Prof. English states in his first paragraph that Russian President Putin’s denunciation of “neofascist extremists” in the movement that toppled the old Ukrainian government, and within the new government, “is worth heeding.” He cites as an example the Svoboda party, which has a number of posts in the new government. “Svoboda’s call to abolish the autonomy that protects Crimea’s Russian heritage, and its push for a parliamentary vote that downgraded the status of the Russian language, are flagrantly provocative to Ukraine’s millions of ethnic Russians and incredibly stupid as the first steps of a new government in a divided country. These moves, more than Russian propaganda, prompted broad Crimean unease. …”

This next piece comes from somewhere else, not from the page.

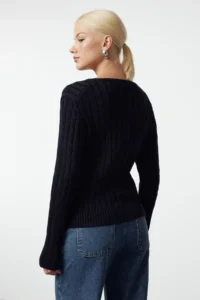 TRENDYOLMİLLA NAVY BLUE Basic Cotton V-neck Knitwear Sweater - Image 5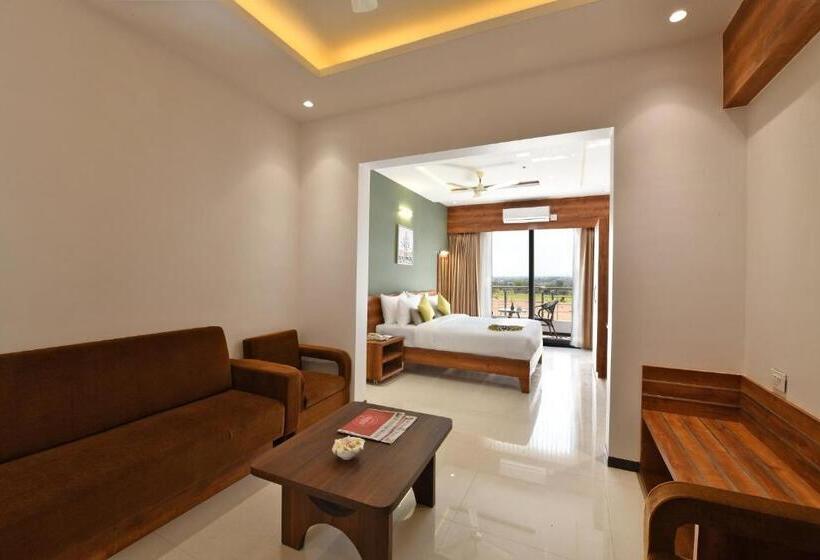 Полулюкс, Eastin Easy Vita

English says that Svoboda, Right Sector, and other far-right organizations “are groups whose thuggish young legions still sport a swastika-like symbol, whose leaders have publicly praised many aspects of Nazism and who venerate the World War II nationalist leader Stepan Bandera, whose troops occasionally collaborated with Hitler’s and massacred thousands of Poles and Jews. But scarier than these parties’ whitewashing of the past are their plans for the future. They have openly advocated that no Russian language be taught in Ukrainian schools, that citizenship is only for those who pass Ukrainian language and culture exams, that only ethnic Ukrainians may adopt Ukrainian orphans and that new passports must identify their holders’ ethnicity — be it Ukrainian, Pole, Russian, Jew or other.”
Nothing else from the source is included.